Hi List,

1. We have
HW
* 2xBladecenter H
* 2xCisco Infiniband Switch Modules
* 1xCisco Infiniband Switch
* 16x PPC64 JS21 blades each are 4 cores, with Cisco HCA

SW
* SLES 10
* OFED 1.1 w. OpenMPI 1.1.1

I am running the Intel MPI Benchmark (IMB) on the cluster as a part of validation process for the customer.

I have tried the OpenMPI that comes with OFED 1.1, which gave spurious "Not Enough Memory" error messages, after looking through FAQs (with the help of Cisco) I was able to find the problems and fixes. I used the FAQs to add unlimited soft and hard limits for memlock, turned RDMA off by using "--mca btl_openib_flags 1". This still did not work, and still got the Memory problems.

I tried the nightly snapshot of OpenMPI-1.2b4r13137, which failed miserably.

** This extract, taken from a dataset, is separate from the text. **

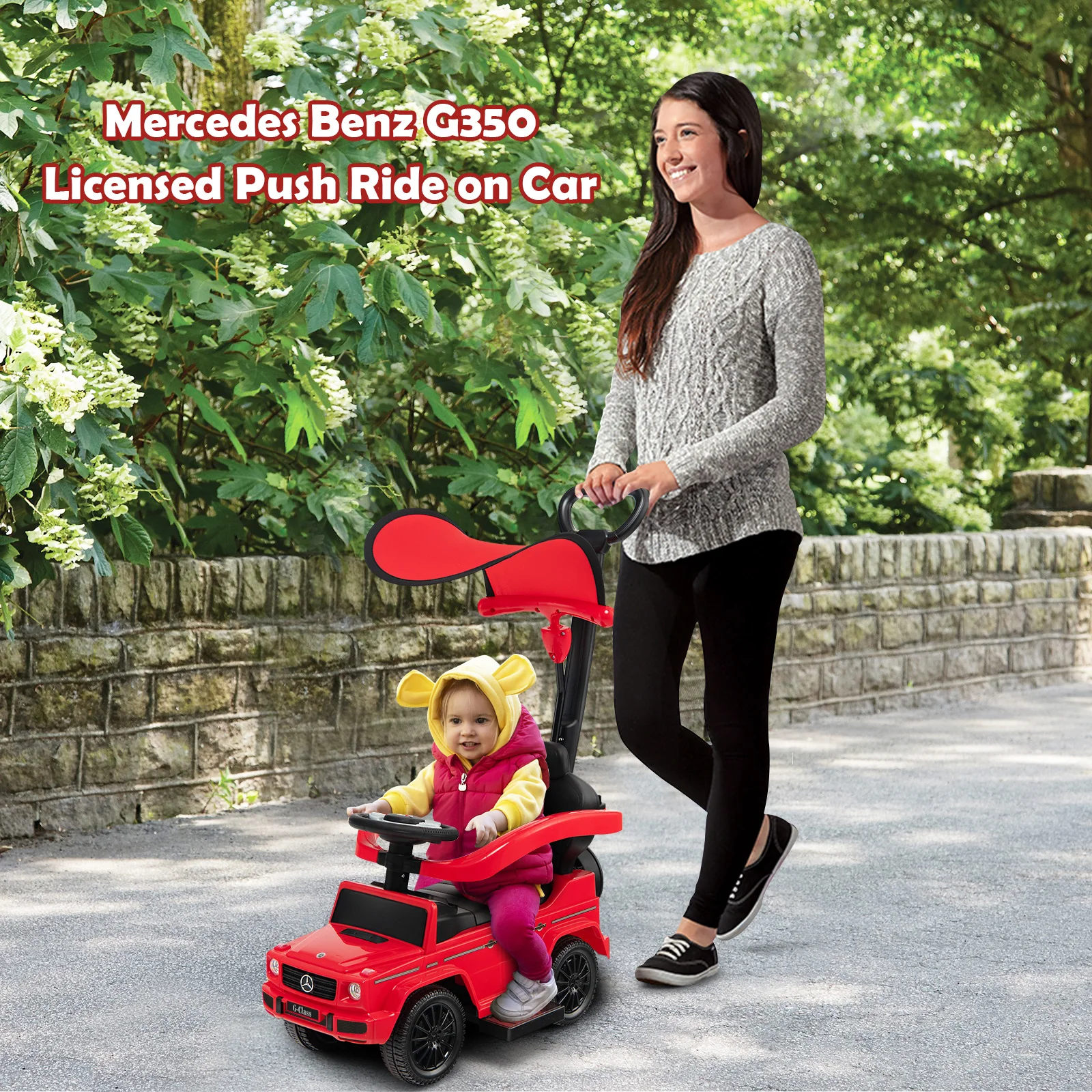3-In-1 Ride On Push Car Stroller, Red - Image 6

I then tried the released version of the OpenMPI-1.2b3, which got me further than before. Now the benchmark goes through all the tests until Allgatherv finishes, and it seems that it is waiting to start AlltoAll, I have waited about 12 hours to see if this continues. I have since then managed to run AlltoAll, and the rest of the benchmark separately.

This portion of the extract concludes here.